Information supplied
=======

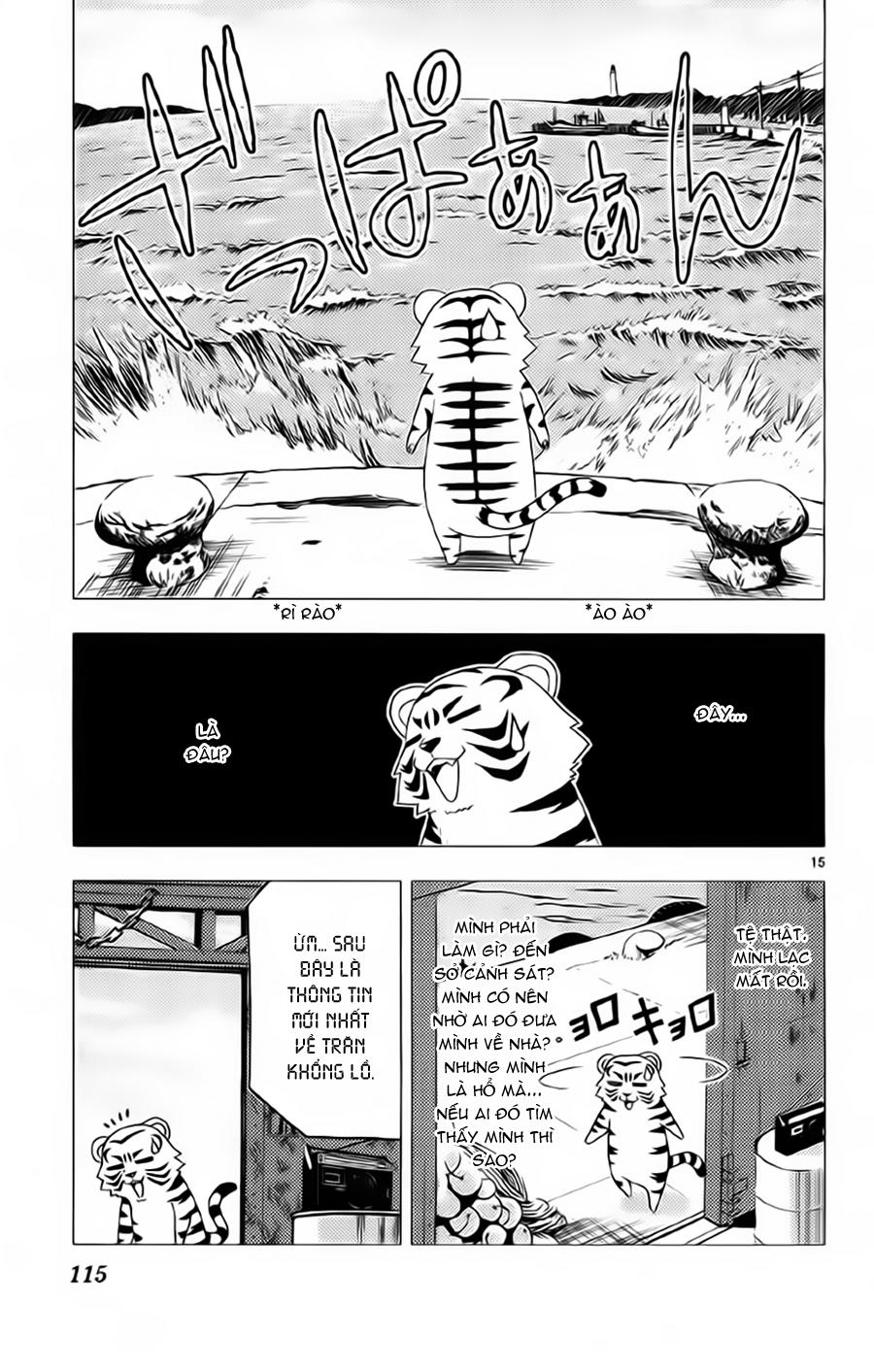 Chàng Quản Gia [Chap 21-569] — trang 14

=======

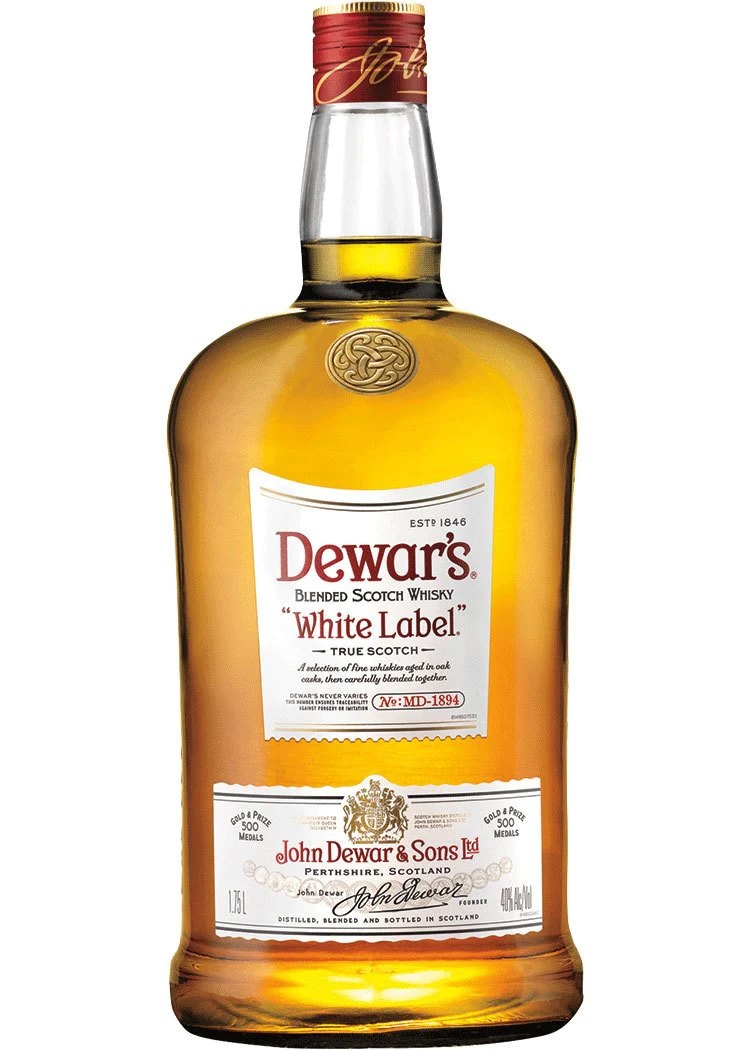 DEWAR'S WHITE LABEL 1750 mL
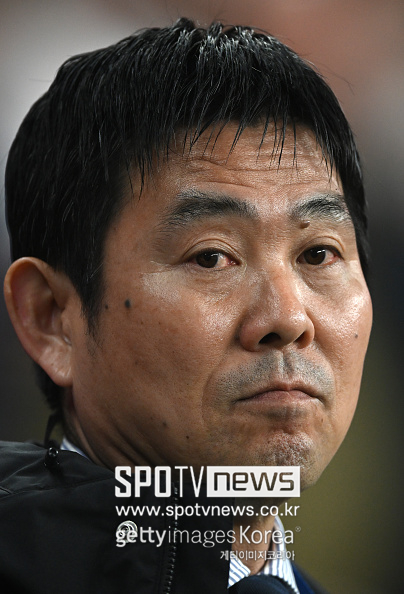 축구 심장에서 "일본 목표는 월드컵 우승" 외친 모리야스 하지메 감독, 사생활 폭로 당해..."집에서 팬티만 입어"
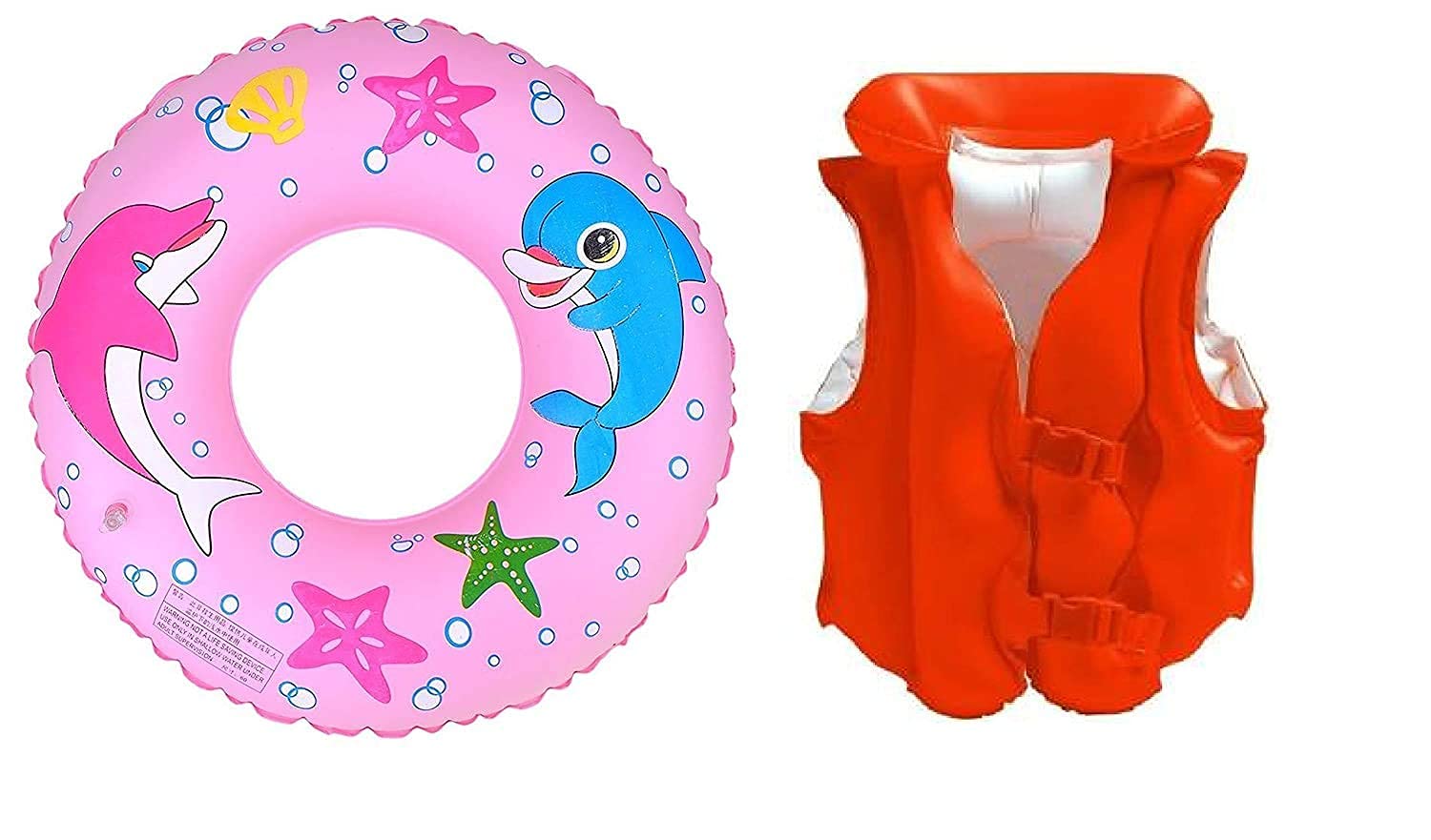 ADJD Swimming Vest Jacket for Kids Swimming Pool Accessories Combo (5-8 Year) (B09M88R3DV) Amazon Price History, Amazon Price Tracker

=======

About this task
Above are the records. Copy only the lines from the one with "외친 모리야스 하지메" through the one with "ADJD Swimming Vest", exactly, with no pictures.

Solution
 축구 심장에서 "일본 목표는 월드컵 우승" 외친 모리야스 하지메 감독, 사생활 폭로 당해..."집에서 팬티만 입어"
 ADJD Swimming Vest Jacket for Kids Swimming Pool Accessories Combo (5-8 Year) (B09M88R3DV) Amazon Price History, Amazon Price Tracker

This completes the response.